Insider Buying Remains Anemic
Somewhere in the US, insiders are buying their own company’s stock, though without the conviction of large dollar amounts and multiple buyers in the same firm.
Data from Thomson Reuters Stock Reports+ shows that the most insider buying for the past 13 weeks ending July 15th occurred in the technology and industrials sectors. Those dollar amounts were highlighted by large single buyers, compared to the multiple buyers that market bulls would prefer.
The $452 million put into the technology sector included $412 million in Hewlett-Packard (HPQ.N). Relational Investors principal and recent addition to the H-P board Ralph Whitworth, accounted for $407 million and another buyer the remaining $7 million.
The next most significant insider purchases were in the industrials sector, with $64 million of new money, of which Ecolab made up $56.8 million.
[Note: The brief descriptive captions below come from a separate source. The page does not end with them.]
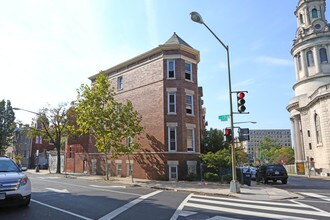 1500 Columbia Rd NW in Washington, DC - Building Photo - Building Photo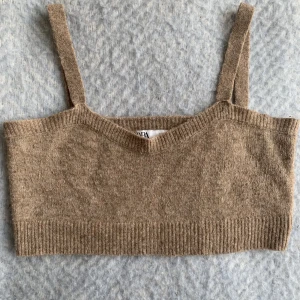 Stickat linne  - Stickat linne från zara. Är cropped och är superfin att ha bara som den är eller över blusar/toppar.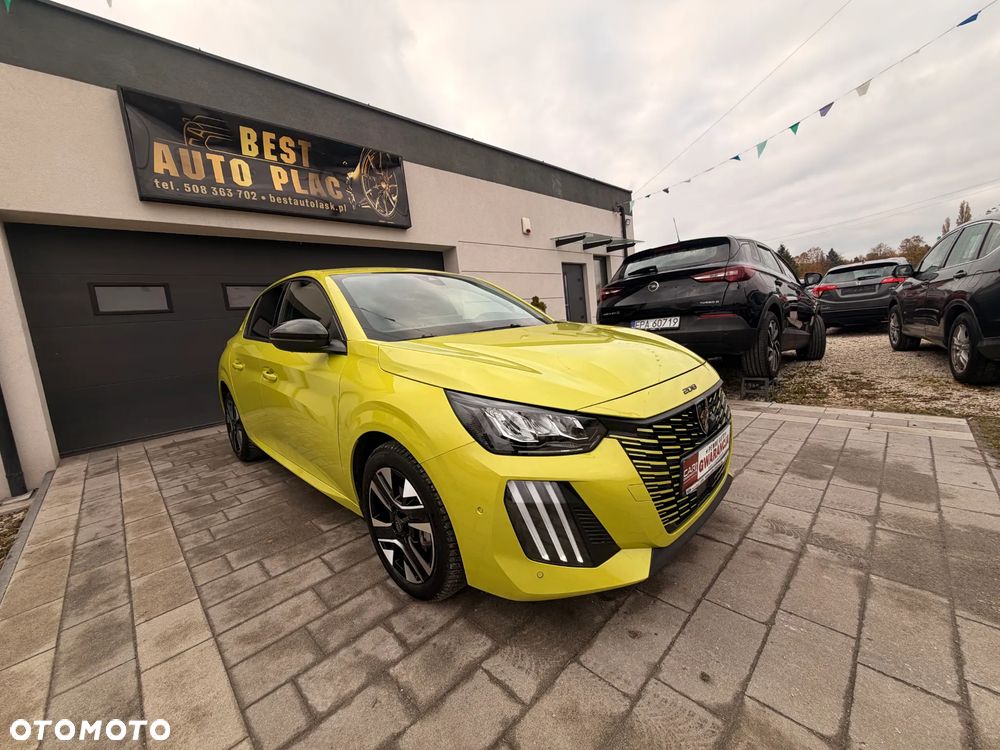 Peugeot 208 - 33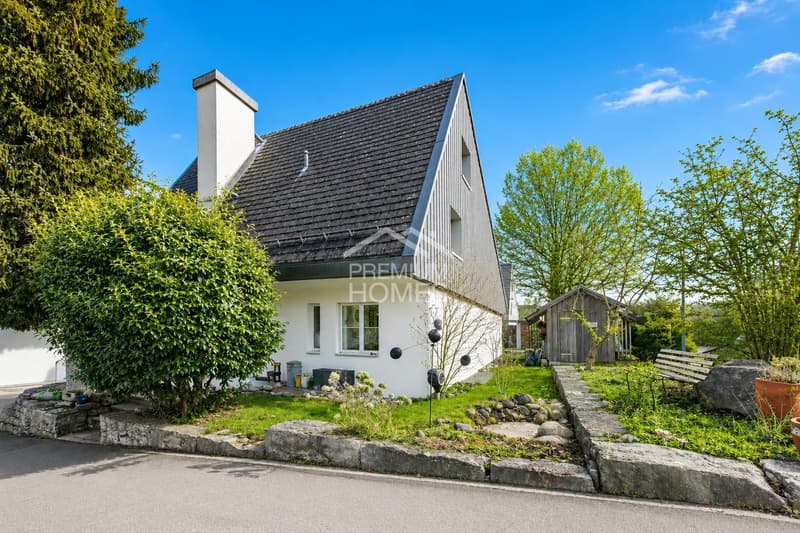 Familienparadies mit Einliegerwohnung und viel Platz (1)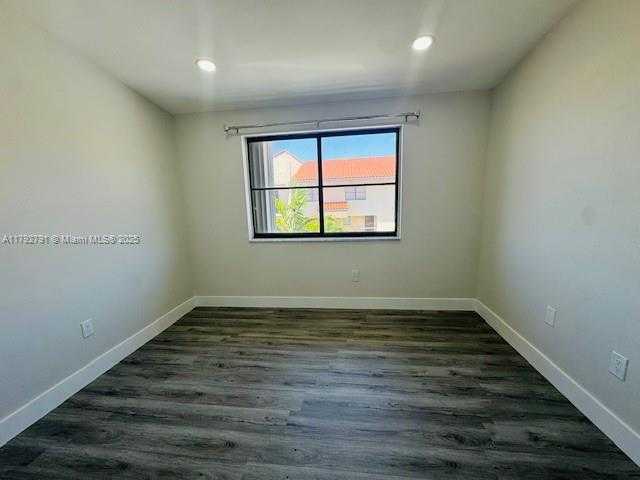 Small Image of 5650 WEST 26TH CT #206, Hialeah Number 8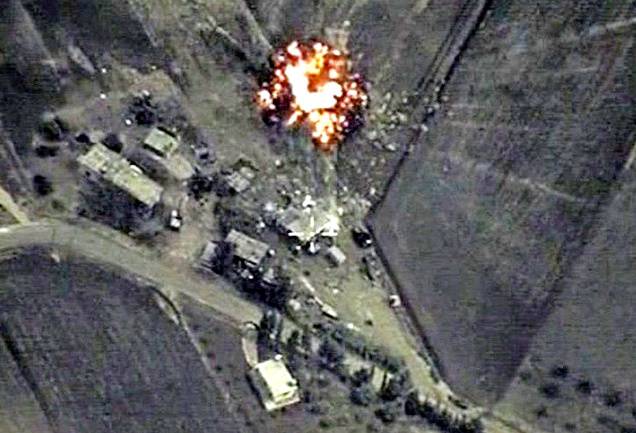 Минобороны РФ опубликовало новые видео авиаударов по позициям ИГ в Сирии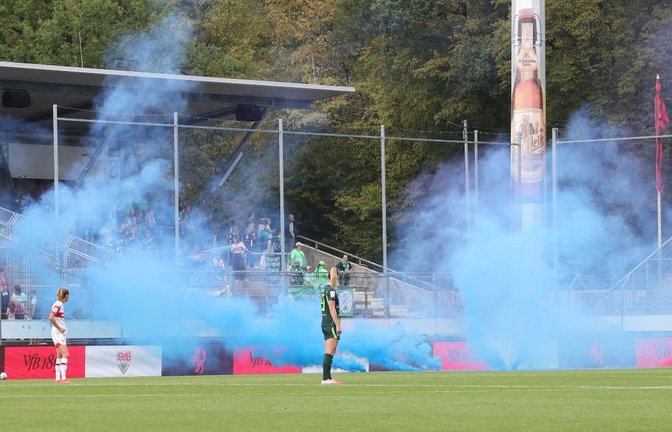 Blaue Rauchfahnen vor dem Block der Wolfsburg-Fans im Gazi-Stadion<span class='image-autor'>Baumann</span>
That transaction was through an indirect purchase by Microsoft chairman and co-founder Bill Gates. The 919,000 share purchase appears to bring his indirectly holdings to 27.9 million shares. According to the total return chart using DataStream Professional Portfolio Analytics, Ecolab’s past five years have gained 60% while Microsoft and the S&P 500 are about flat. (Although not shown, Hewlett-Packard stockholders have lost 60% in the past five years.)
If you feel that insiders close to the pulse of corporate America may have a better feel for things than the average investor, then the rest of the buying taking place may not be enough of a catalyst to bring more investors into US equities.
It’s even less inspiring looking at the overall data: Of the total $659 million total insider buys in the past thirteen weeks, the past 4 weeks have contributed only $8.5 million of fresh money.